- _Provided records_:
-- -- --

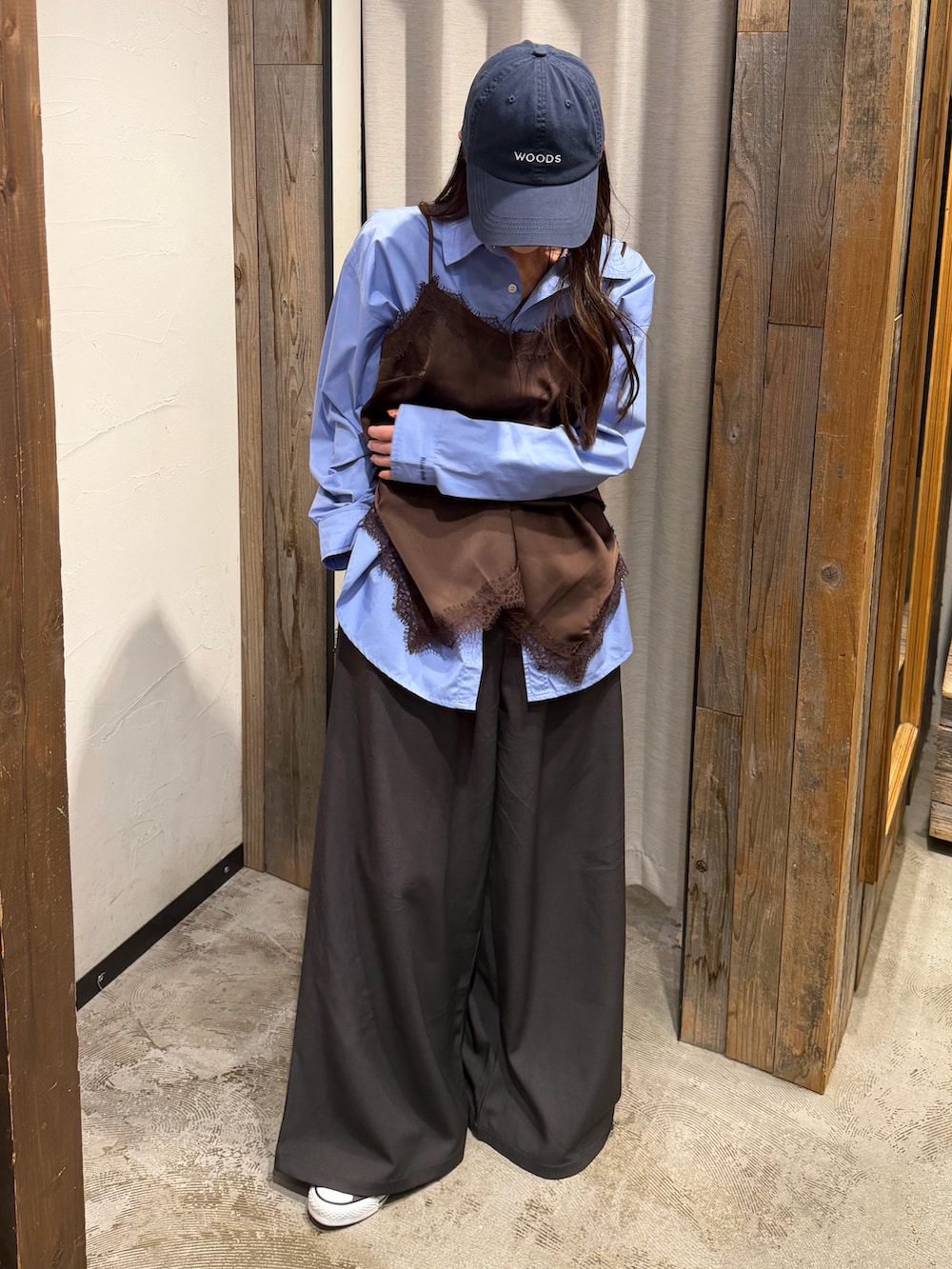 ブラウン系のキャミソール、グレー系のスラックス、ブルー系のキャップを着用したレディースの春コーディネートの2枚目の写真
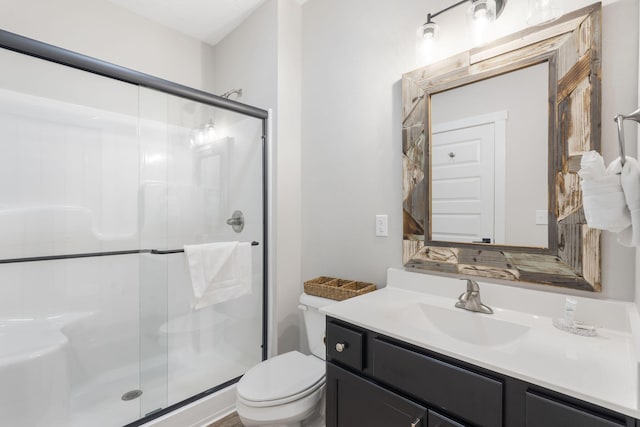 bathroom with vanity, toilet, and a shower with shower door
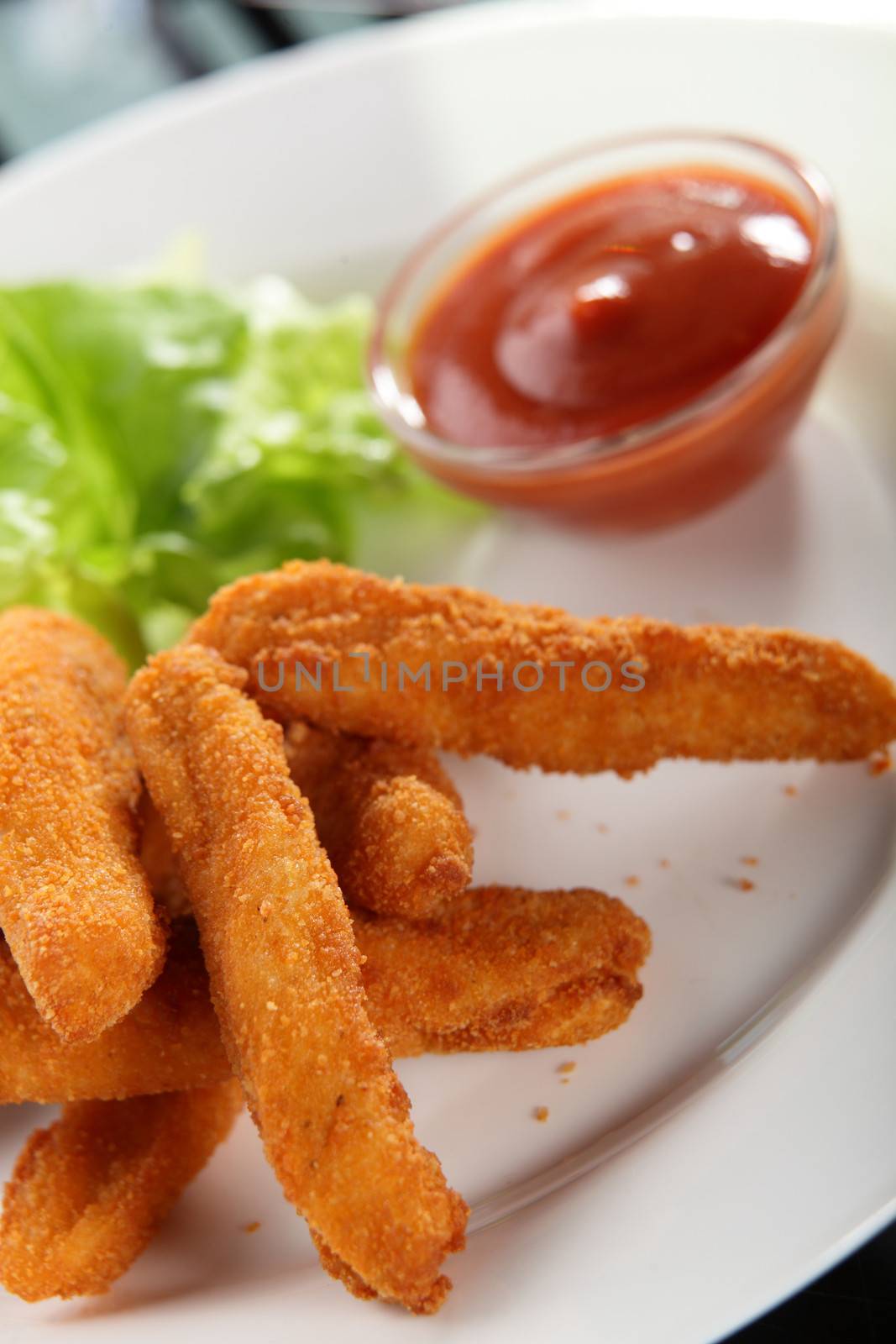 roasted potato sticks with garnish by fiphoto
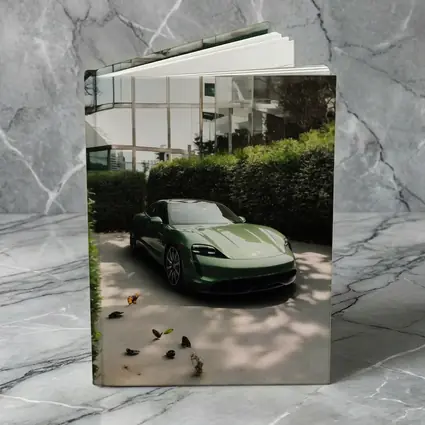 Green Porsche Taycan Parked Near Glass Building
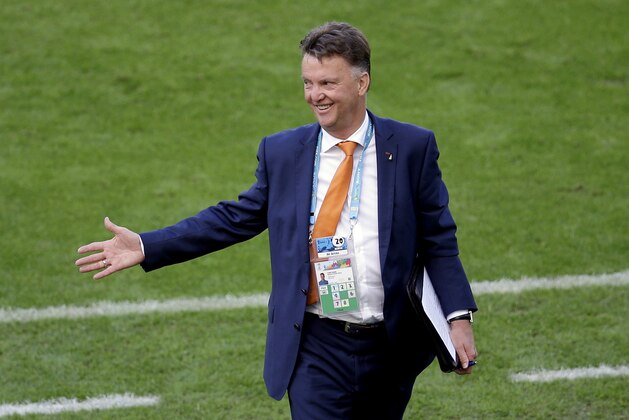 Netherlands' head coach Louis van Gaal smiles after Netherlands' Arjen Robben scored the opening goal during the group B World Cup soccer match between Australia and the Netherlands at the Estadio Beira-Rio in Porto Alegre, Brazil, Wednesday, June 18, 2014. (AP Photo/Michael Sohn)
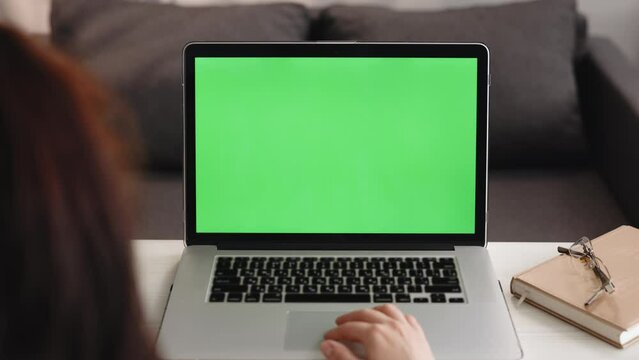 Over the shoulder shot of caucasian woman looking at green screen chroma key. Office person using laptop computer with laptop green mockup screen.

-- -- --

- _Assignment_: Please return only the lines from the one holding "roasted potato sticks" through the end of the data, both ends included; do not copy any pictures.

- _Your solution_:
 roasted potato sticks with garnish by fiphoto
 Green Porsche Taycan Parked Near Glass Building
 Netherlands' head coach Louis van Gaal smiles after Netherlands' Arjen Robben scored the opening goal during the group B World Cup soccer match between Australia and the Netherlands at the Estadio Beira-Rio in Porto Alegre, Brazil, Wednesday, June 18, 2014. (AP Photo/Michael Sohn)
 Over the shoulder shot of caucasian woman looking at green screen chroma key. Office person using laptop computer with laptop green mockup screen.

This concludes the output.